Les électeurs du FN, tout comme les abstentionnistes, ont des motivations très diverses. Leur logique de vote n’est pas une logique politique au sens où nous l’entendons : une approche sociétale. C’est une logique liée à un problème, un enjeu particulier qui envahit leur vie, au point parfois de la rendre très anxiogène, quand ce n’est pas invivable.
Le vote FN, c’est un vote guillotine : « … tous à la guillotine ! ». J’entends par là, un rejet global et violent de la classe politique, dans son ensemble, au travers de ce que cette classe politique qualifie de pire : le FN. Ce parti n’est pas choisi pour ce qu’il est, mais comme message à ses adversaires. C’est une opposition violente par le vote, parce que des problèmes importants et structurants dans la vie de ces citoyens ne trouvent pas de réponses ou même d’écho, au plan politique. C’est un message de colère, de ras-le-bol.
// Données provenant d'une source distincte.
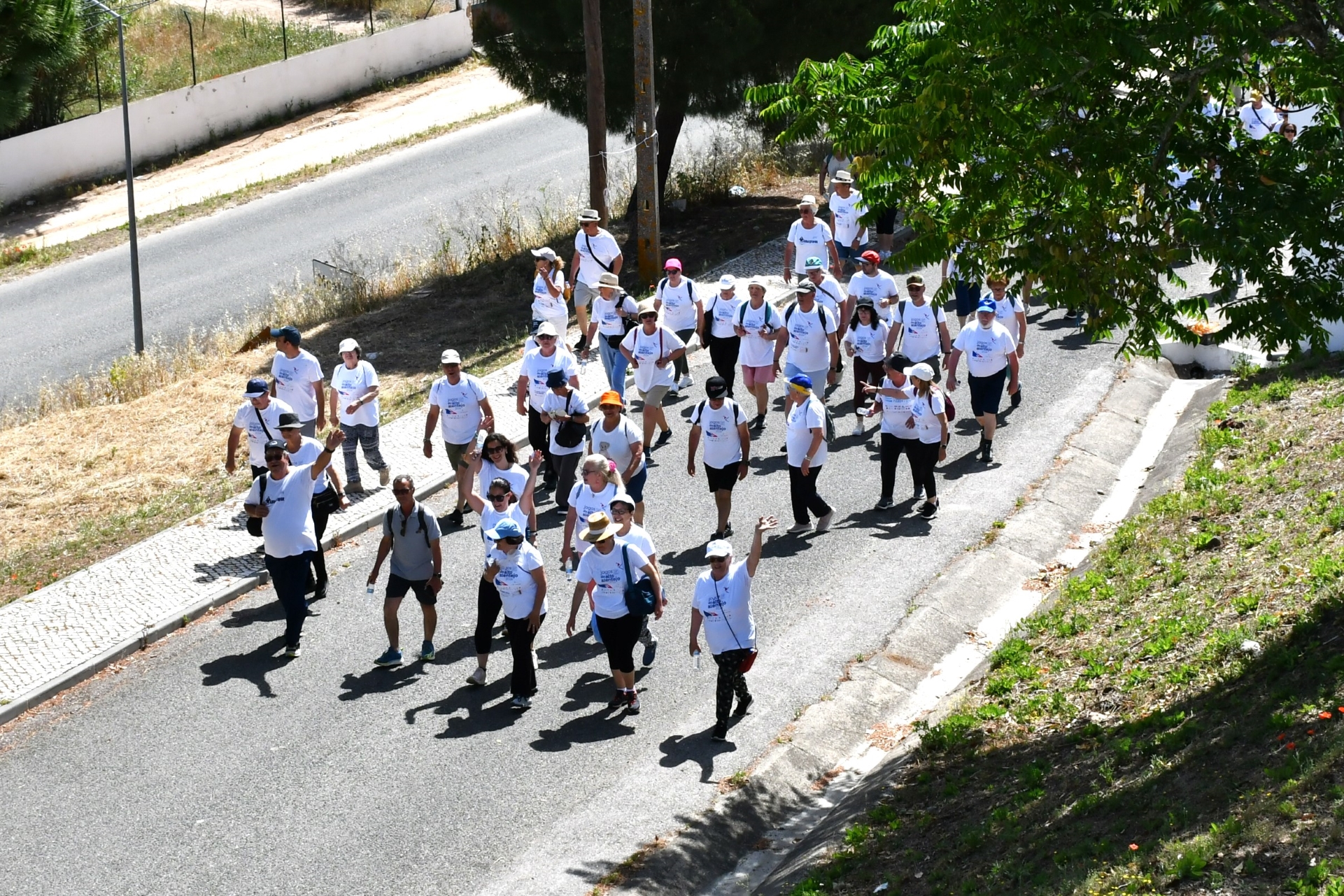 2026-06-08-foto-219-seniores+55-caminharam-em-monforte-(111)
Le vote FN, c’est ensuite une demande de protection. On croit souvent que la question de la sécurité est centrale, mais c’est probablement l’arbre qui cache la forêt. Nous sommes dans un monde extrêmement anxiogène : crise économique, crise écologique, crise démographique, crise climatique, conflits internationaux, inquiétude sur ce que nous mangeons, sur ce que nous utilisons (portable & co), sur nos façons de produire, etc … Autant de sujets qui interpellent, sans que l’on nous apporte de perspectives rassurantes. C’est l’impression d’être un jouet aux mains d’une mondialisation désincarnée ou d’un système de pouvoir économique tout puissant, contre lequel on ne pourrait rien, que l’on subit passivement. Le fait de requalifier des limites, des frontières, des barrières face à ce monde et d’afficher des décisions autoritaires tend à rassurer sur notre capacité d’action. C’est bien sur un leurre, mais cela rassure probablement un peu plus que l’inconnu, dans un monde qui ne croit plus en rien.
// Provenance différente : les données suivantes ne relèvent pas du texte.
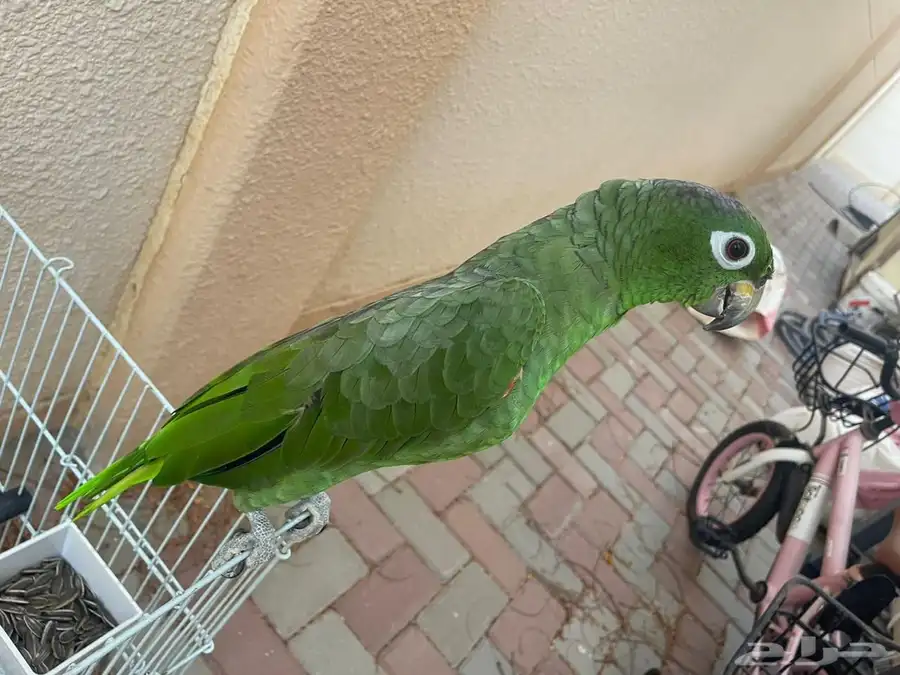 بغبغاء للبيع 1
Le vote FN, c’est aussi celui des oubliés de la droite. La segmentation droite / gauche n’est évidemment pas qu’une affaire de classes. Il y a des personnes modestes de droite, comme des riches de gauche. Depuis cinq ans, toutes les personnes fragiles ont été stigmatisées par l’UMP : assistanat, retrait de l’Etat, baisse des aides, privatisation de la santé, etc … Quelle alternative pour ces personnes, qui ne voteront jamais à gauche par conviction, pour affirmer leur désaccord à ces 5 années, où le président qu’ils avaient élu s’est essuyé les pieds sur leur amour propre ?
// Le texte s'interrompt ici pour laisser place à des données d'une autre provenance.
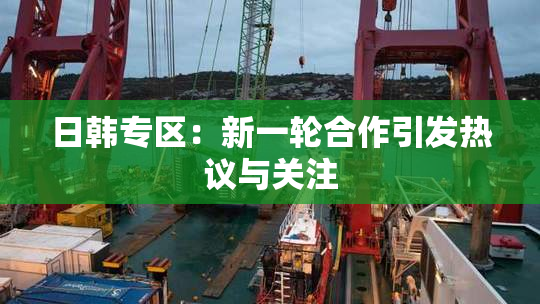日韩专区：新一轮合作引发热议与关注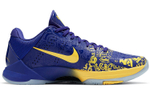 Кроссовки Nike Zoom Kobe 5 Protro "5 Rings"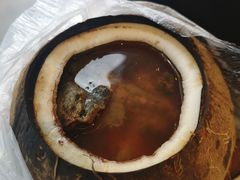 原只椰子炖竹丝鸡-達揚原味燉品(文明路店)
Le vote FN, c’est enfin hélas un vote de rejet d’une partie de la population contre une autre. C’est le résultat d’une violente fracturation du corps social, à la suite d’une entreprise continue de stigmatisation de segments de la population : musulmans, Rom, chômeurs, malades, etc … L’UMP a donné raison par ce biais aux thèses du FN. En fabriquant des coupables aux peurs, aux jalousies, à la faiblesse humaine, il a construit des haines qui se traduisent probablement dans le vote le plus à même de les porter.
Le vote FN populaire, c’est probablement tout cela. Ce n’est pas à proprement parlé un vote d’extrême droite sur le plan politique, mais c’est bien l’extrême droite politique qui en profite.